→ **DIRECTIONS FOR THIS TASK**:
Find the line with "Venezia Crystal Chandelier" in the entries below. Repeat it, every following line, and the line with "Odile Ferrand |", exactly and with nothing added.

Collected data entries
┄┄┄┄┄┄

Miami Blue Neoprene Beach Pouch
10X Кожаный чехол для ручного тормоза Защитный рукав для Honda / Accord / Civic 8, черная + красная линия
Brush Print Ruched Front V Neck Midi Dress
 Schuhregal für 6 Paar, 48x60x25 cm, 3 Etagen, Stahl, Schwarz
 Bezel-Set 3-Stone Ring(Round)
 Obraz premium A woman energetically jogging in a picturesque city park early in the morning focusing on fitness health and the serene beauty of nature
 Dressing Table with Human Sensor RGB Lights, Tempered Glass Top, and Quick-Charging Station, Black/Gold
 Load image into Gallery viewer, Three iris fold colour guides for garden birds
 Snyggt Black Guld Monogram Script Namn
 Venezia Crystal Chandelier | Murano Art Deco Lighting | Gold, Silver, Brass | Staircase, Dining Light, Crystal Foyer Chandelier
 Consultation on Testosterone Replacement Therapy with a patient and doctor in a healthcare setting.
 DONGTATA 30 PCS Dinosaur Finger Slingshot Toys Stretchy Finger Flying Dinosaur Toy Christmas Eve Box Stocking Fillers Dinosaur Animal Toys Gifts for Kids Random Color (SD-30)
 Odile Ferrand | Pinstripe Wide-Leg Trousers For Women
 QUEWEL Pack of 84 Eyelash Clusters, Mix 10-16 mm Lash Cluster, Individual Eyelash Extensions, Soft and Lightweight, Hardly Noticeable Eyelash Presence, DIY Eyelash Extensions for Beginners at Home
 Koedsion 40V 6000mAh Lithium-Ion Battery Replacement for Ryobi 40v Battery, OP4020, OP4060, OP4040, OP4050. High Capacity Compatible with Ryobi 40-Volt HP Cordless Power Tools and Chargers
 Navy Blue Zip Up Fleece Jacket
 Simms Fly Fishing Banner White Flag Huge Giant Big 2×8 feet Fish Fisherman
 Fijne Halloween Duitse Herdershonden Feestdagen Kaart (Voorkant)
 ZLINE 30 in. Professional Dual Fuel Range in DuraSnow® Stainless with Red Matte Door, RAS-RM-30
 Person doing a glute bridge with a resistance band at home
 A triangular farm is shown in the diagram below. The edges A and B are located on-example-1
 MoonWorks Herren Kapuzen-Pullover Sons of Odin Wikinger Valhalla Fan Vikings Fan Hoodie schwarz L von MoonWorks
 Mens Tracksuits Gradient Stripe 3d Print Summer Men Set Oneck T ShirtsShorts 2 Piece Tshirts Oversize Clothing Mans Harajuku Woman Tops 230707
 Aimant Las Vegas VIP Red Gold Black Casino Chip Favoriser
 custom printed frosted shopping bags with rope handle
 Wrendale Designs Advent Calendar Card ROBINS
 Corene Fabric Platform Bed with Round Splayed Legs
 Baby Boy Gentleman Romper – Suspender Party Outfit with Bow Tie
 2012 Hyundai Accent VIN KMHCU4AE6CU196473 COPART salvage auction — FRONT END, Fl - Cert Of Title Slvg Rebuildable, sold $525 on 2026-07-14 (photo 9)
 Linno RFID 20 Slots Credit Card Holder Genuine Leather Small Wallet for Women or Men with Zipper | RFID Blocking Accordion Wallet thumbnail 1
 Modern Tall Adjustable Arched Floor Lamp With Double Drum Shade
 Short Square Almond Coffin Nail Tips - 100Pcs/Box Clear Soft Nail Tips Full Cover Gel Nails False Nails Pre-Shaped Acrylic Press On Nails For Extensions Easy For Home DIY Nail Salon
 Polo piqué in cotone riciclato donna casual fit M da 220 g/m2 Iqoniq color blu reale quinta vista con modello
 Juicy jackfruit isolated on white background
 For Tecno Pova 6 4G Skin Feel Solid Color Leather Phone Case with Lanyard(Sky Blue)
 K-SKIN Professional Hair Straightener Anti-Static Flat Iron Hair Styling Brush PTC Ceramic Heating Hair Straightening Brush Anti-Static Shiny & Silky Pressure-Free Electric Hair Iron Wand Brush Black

┄┄┄┄┄┄

→ **TASK RESULT**:
 Venezia Crystal Chandelier | Murano Art Deco Lighting | Gold, Silver, Brass | Staircase, Dining Light, Crystal Foyer Chandelier
 Consultation on Testosterone Replacement Therapy with a patient and doctor in a healthcare setting.
 DONGTATA 30 PCS Dinosaur Finger Slingshot Toys Stretchy Finger Flying Dinosaur Toy Christmas Eve Box Stocking Fillers Dinosaur Animal Toys Gifts for Kids Random Color (SD-30)
 Odile Ferrand | Pinstripe Wide-Leg Trousers For Women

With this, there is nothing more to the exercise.